Take the lines below beginning at the line that has "Apartamentos Choeng Mon Garden House 24" and stopping after the line that has "Rare Design Vintage", and print them exactly as they are, with no other lines.
** Task input follows **
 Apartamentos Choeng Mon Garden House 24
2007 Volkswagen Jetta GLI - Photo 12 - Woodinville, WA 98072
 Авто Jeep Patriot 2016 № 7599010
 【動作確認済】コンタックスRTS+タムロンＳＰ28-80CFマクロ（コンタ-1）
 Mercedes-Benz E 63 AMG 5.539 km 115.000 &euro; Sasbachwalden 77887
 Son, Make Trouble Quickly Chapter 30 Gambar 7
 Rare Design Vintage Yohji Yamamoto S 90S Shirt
** End of Task input **
** Task input follows **
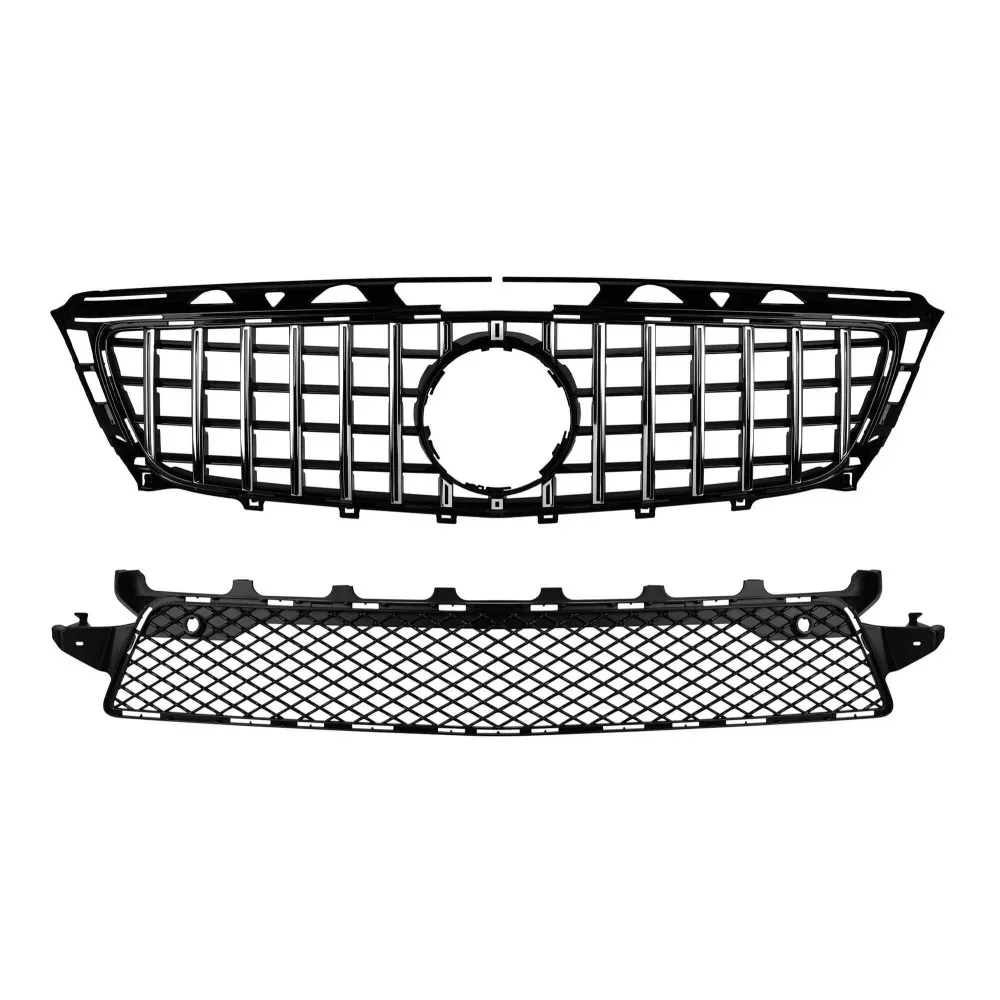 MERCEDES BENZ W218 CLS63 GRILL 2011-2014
** End of Task input **
** Task input follows **
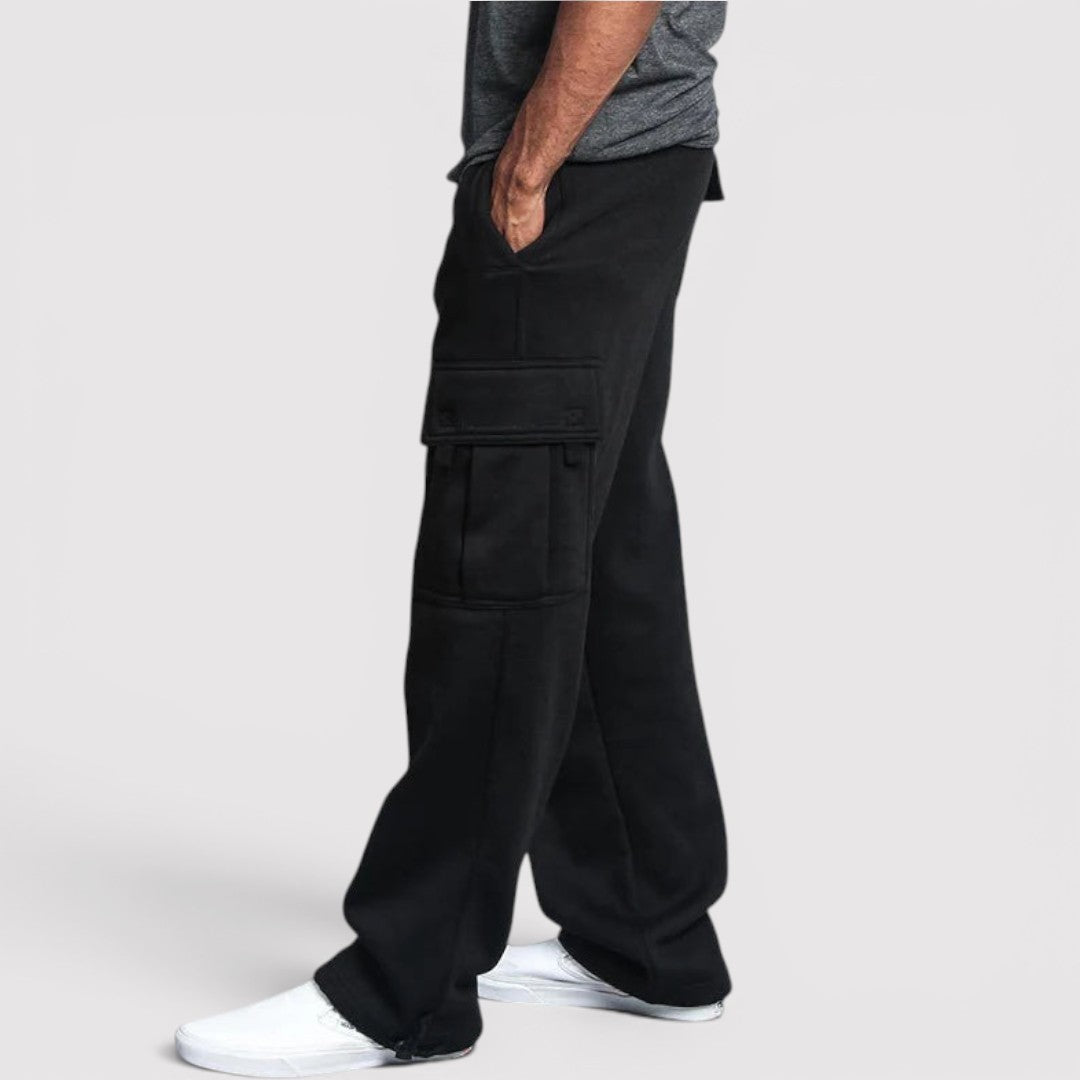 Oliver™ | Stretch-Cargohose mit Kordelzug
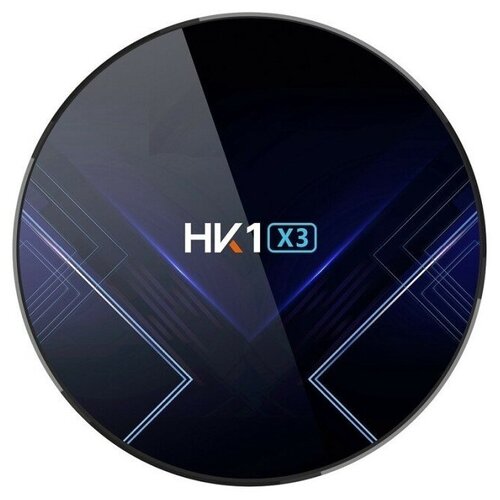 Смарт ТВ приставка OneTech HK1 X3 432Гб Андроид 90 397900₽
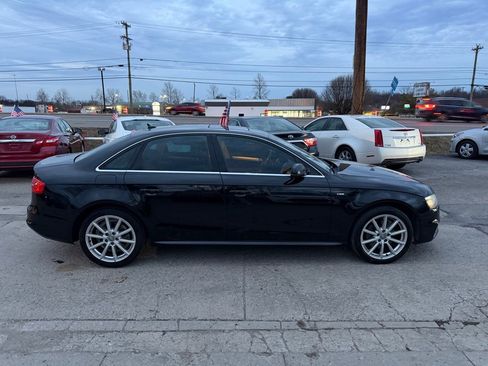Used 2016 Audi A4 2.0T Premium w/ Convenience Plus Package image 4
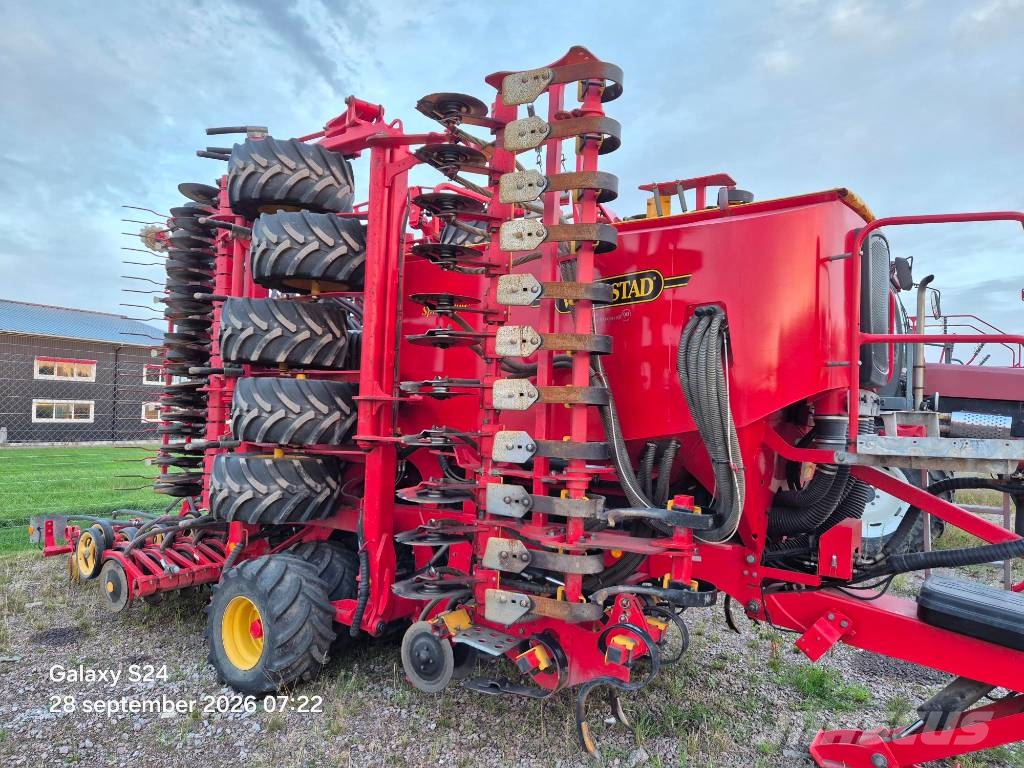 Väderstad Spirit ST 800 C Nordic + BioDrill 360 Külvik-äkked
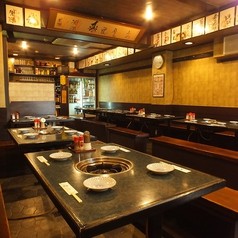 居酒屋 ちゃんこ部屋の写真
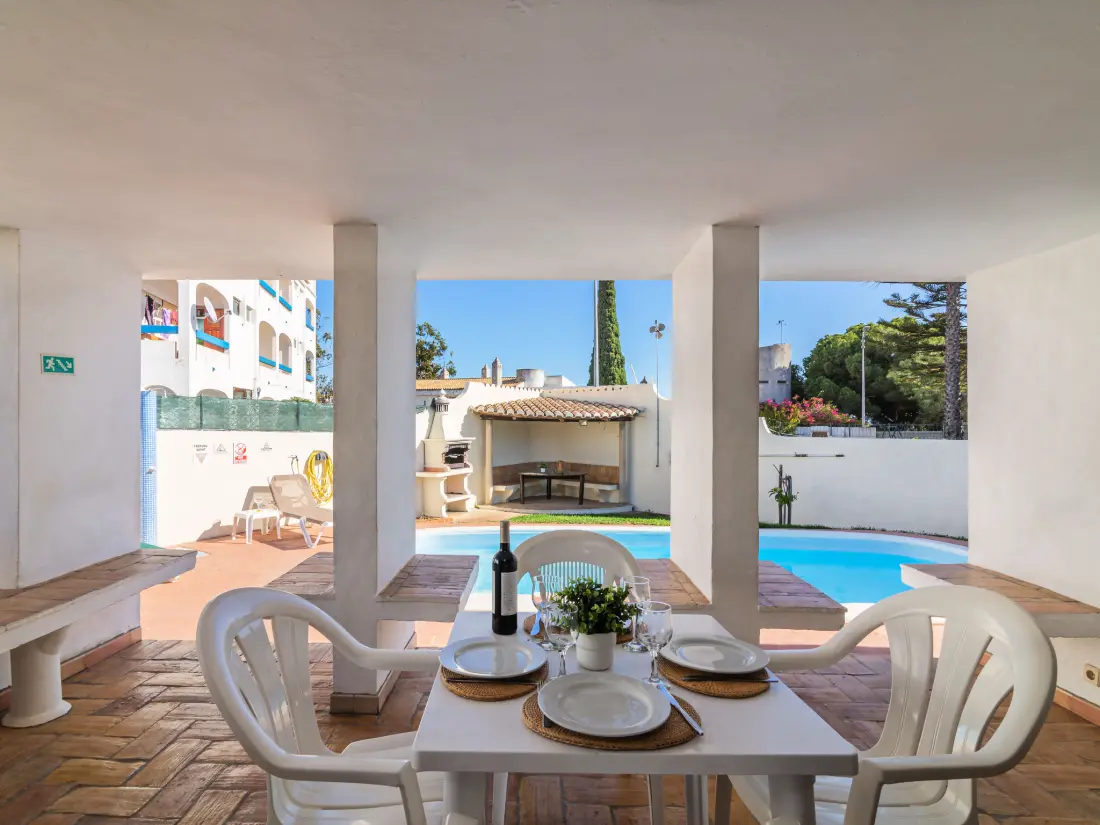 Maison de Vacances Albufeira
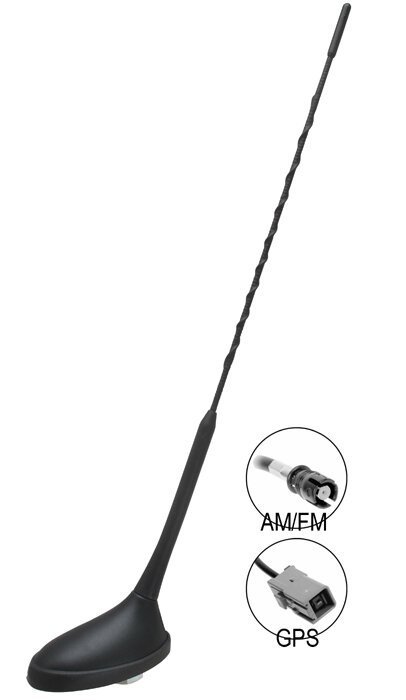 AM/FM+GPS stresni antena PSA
** End of Task input **
* [Result for this task]:
 Apartamentos Choeng Mon Garden House 24
2007 Volkswagen Jetta GLI - Photo 12 - Woodinville, WA 98072
 Авто Jeep Patriot 2016 № 7599010
 【動作確認済】コンタックスRTS+タムロンＳＰ28-80CFマクロ（コンタ-1）
 Mercedes-Benz E 63 AMG 5.539 km 115.000 &euro; Sasbachwalden 77887
 Son, Make Trouble Quickly Chapter 30 Gambar 7
 Rare Design Vintage Yohji Yamamoto S 90S Shirt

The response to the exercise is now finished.